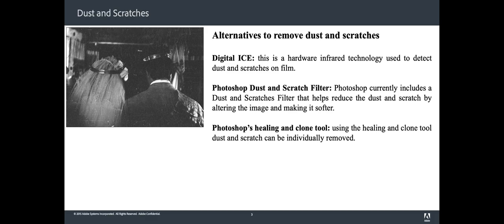Also, photographers are using Photoshop healing and clone tools where the artifacts can be individually removed. While this produces great results, it is incredibly slow and requires manual process.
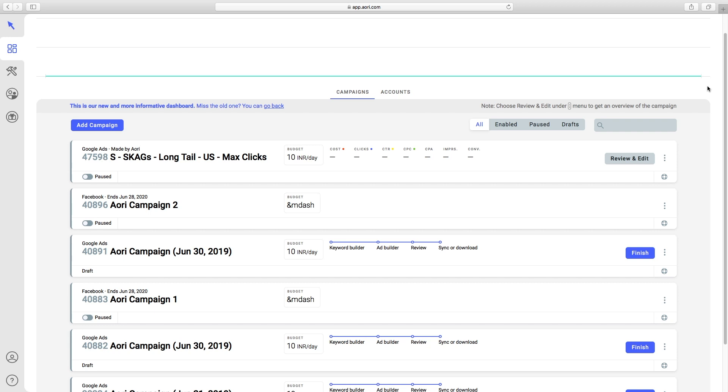Many of our users have the following workflow: Build a campaign in Ayori, download the CSV, do any tweaks that are best suited for Excel functions, and then upload the campaign via CSV to the desktop editor.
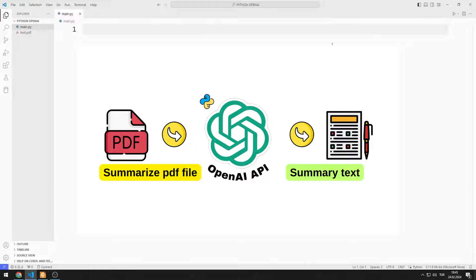In this Python OpenAI tutorial, we will learn how to summarize a PDF file.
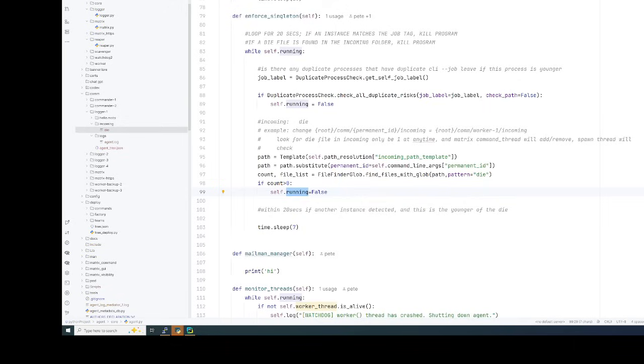I'm going to show you what a death cookie is and what it's used for. It's used to stop an agent process in its tracks and make it shut down gracefully. How this is done is simple.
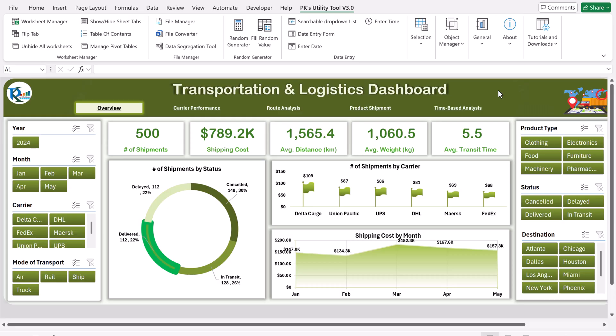Hello friends, welcome back. My name is PK. In this video I will show you how we have created this transportation and logistics dashboard in Microsoft Excel. On the overview page we are showing the number of shipments, total shipping cost, average distance in kilometers, average weight in kg, and average transit time.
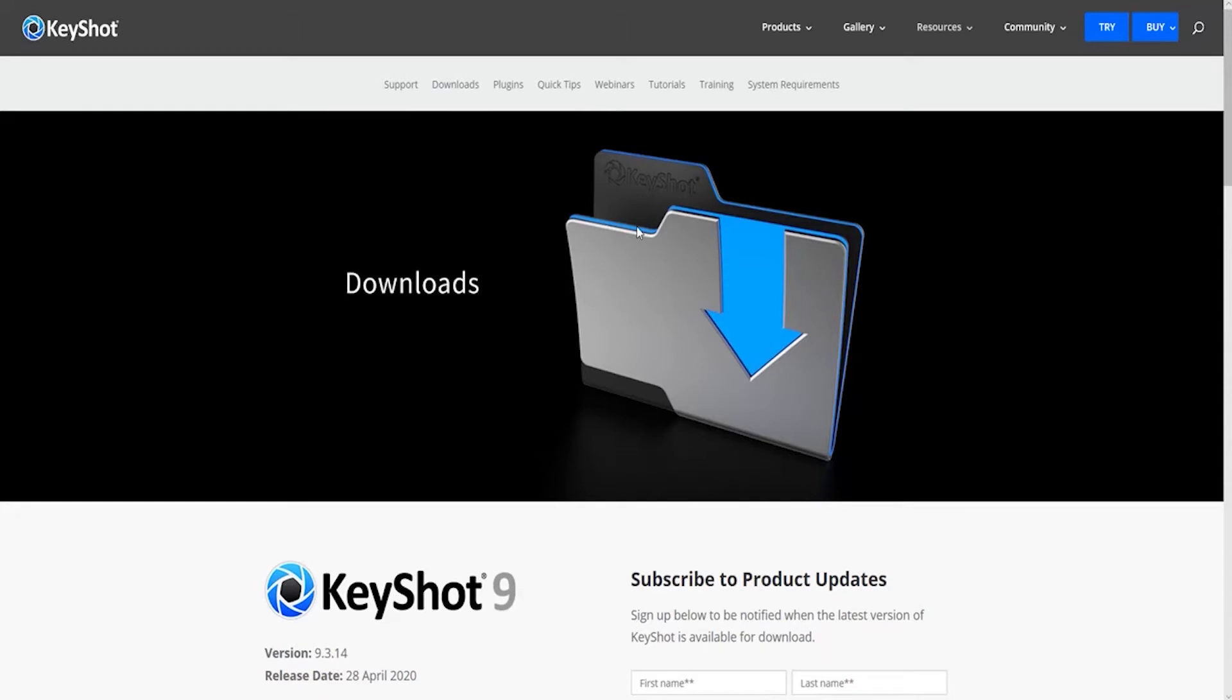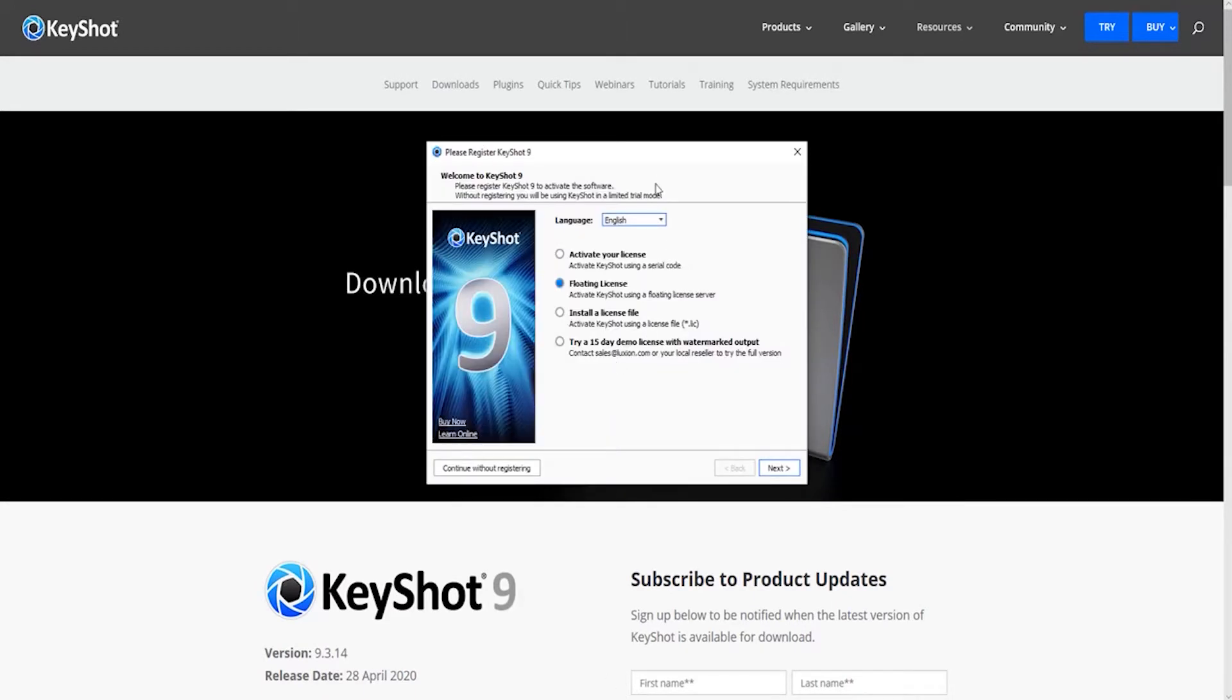So what you need to do is boot up Keyshot and you'll see this window. Hit floating license and hit next.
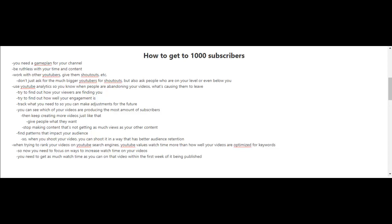How to get to 1,000 subscribers. Now that you've reached 100 subscribers, let's go for your next milestone. You're going to need a game plan for your channel.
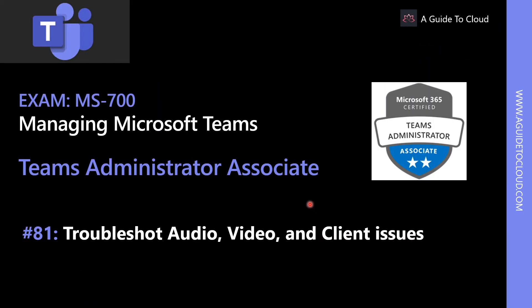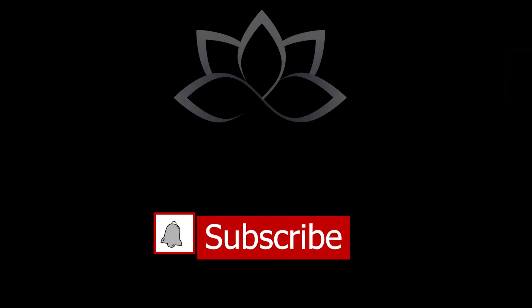In the next video, let's go and explore troubleshooting audio, video and client issues. I will see you in the next video. Till then, take care.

==*==

§ **WHAT YOU NEED TO DO**: Where the line containing "How to get to" appears in the entries above, start there and set down every line exactly through the last one, inclusive; omit pictures.

§ **RESULT FOR THIS EXERCISE**:
How to get to 1,000 subscribers. Now that you've reached 100 subscribers, let's go for your next milestone. You're going to need a game plan for your channel.
In the next video, let's go and explore troubleshooting audio, video and client issues. I will see you in the next video. Till then, take care.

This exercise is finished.